The vigor_out.warnings file shows any warning produced by the VIGOR4 pipeline when it generated the annotation. To download this file, highlight the row that contains it and click on the Download icon in the vertical green bar.
Downloadable files available with assembly jobs¶
A number of downloadable files are generated with the assembly job. To find those files, double click on the row that has the word “assembly” and the checkered flag, indicating a completed job.
This will re-write the page to show the files generated by the assembly job.
The assembly-details.json file is a JSON file. This type of file that stores simple data structures and objects in JavaScript Object Notation (JSON) format, which is a standard data interchange format. It is primarily used for transmitting data between a web application and a server. While it is not recommended for viewing (it is a computer-readable file), the file is both downloadable and viewable. To see the contents of this file, highlight the row that contains the file and then click on the View icon in the vertical green bar
This will open the details file.
The assembly.bam file is a Binary Alignment Map (BAM), which is the comprehensive raw data of genome sequencing. It consists of the lossless (class of data compression algorithms that allows the original data to be perfectly reconstructed from the compressed data), compressed binary representation of the Sequence Alignment Map-files. BAM is the compressed binary representation of SAM (Sequence Alignment Map).

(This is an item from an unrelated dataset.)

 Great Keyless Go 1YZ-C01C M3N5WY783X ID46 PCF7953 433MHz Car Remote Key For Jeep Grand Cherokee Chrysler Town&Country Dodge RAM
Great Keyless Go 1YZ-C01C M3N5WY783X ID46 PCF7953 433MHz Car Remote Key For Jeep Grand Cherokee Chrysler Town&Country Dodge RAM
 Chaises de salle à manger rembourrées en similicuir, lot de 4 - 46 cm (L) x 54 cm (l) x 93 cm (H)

BAM is in compressed BGZF format. To download this file, highlight the row that contains it and click on the Download icon in the vertical green bar.
The assembly.bam.bai is a bam index file. To download this file, highlight the row that contains it and click on the Download icon in the vertical green bar.

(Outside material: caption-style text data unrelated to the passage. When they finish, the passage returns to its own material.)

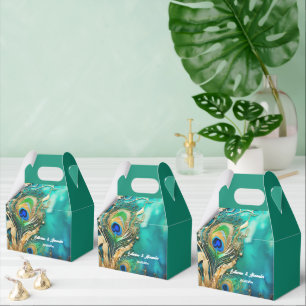 Ballotins Peacock plumes prune turquoise or vert luxe nuptia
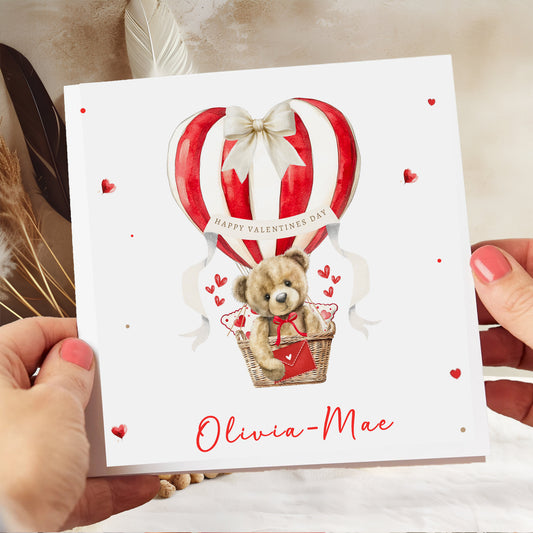 Valentines Day Card, Teddy Bear Hot Air Balloon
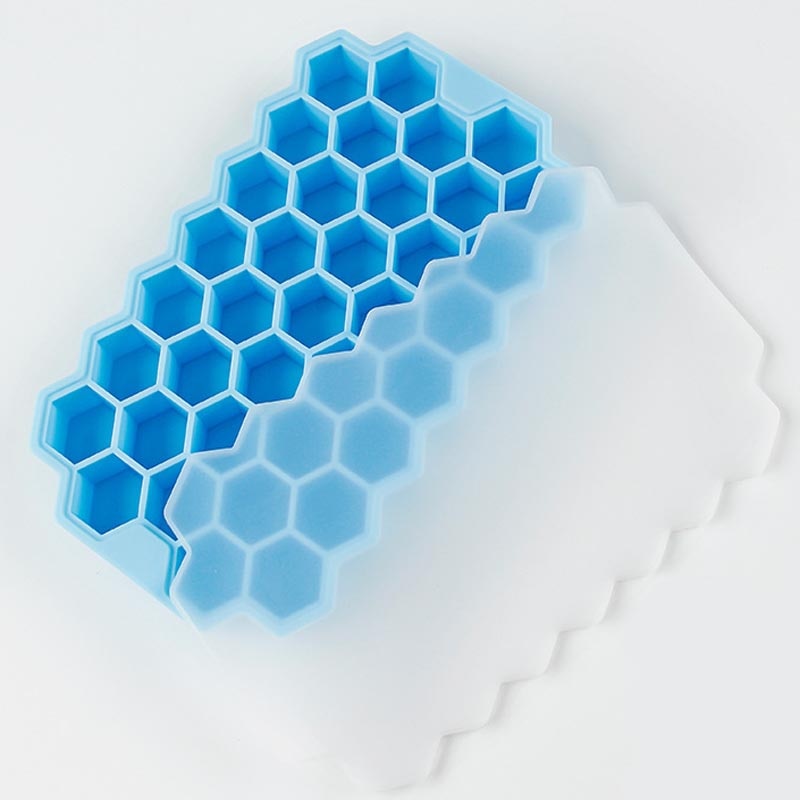 37 Cavity Honeycomb Ice Cube Trays Reusable Silicone Ice Cube Mold BPA Free Ice Maker with Removable Lids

The assembly.depth file shows the depth of support based on the reads at each position in the assembly. To view this file, click on the row that has the file name and click on the View icon in the vertical green bar.
This will open the file, showing the position and the coverage depth.
The assembly.fasta file shows the nucleotide sequence of contig. This file must be downloaded to view. To download this file, highlight the row that contains it and click on the Download icon in the vertical green bar.
The assembly.png is a graph that shows the coverage depth for the assembly at the specific positions in the genome, which can also be seen in the Full Genome Report. To view this file, click on the row that has the file name and click on the View icon in the vertical green bar.
The vc.gz and vcfgz.tbi files. The assembly service offers three types of VCF files. The Variant Call Format specification (VCF, https://samtools.github.io/hts-specs/VCFv4.2.pdf) is a text file format (usually stored in a compressed manner). It contains meta-information lines, a header line, and then data lines each containing information about a position in the genome. The format also has the ability to contain genotype information on samples for each position. When a VCF file is compressed and indexed using tabix, and made web- accessible, the Genome Browser is able to fetch only the portions of the file necessary to display items in the viewed region. These files are all available for download.
The contig file is also available at the higher level in the assembly page. It is identifiable by the icon indicating contigs in the first column. To download this file, highlight the row that contains it and click on the Download icon in the vertical green bar.
References¶
Martin, M., Cutadapt removes adapter sequences from high-throughput sequencing reads. EMBnet. journal, 2011. 17(1): p. 10-12.
Langmead, B. and S. Salzberg, Langmead. 2013. Bowtie2. Nature Methods, 2013. 9: p. 357-359.
Etherington, G.J., R.H. Ramirez-Gonzalez, and D. MacLean, bio-samtools 2: a package for analysis and visualization of sequence and alignment data with SAMtools in Ruby. Bioinformatics, 2015. 31(15): p. 2565-2567.
Li, H., Minimap2: pairwise alignment for nucleotide sequences. Bioinformatics, 2018. 34(18): p. 3094-3100.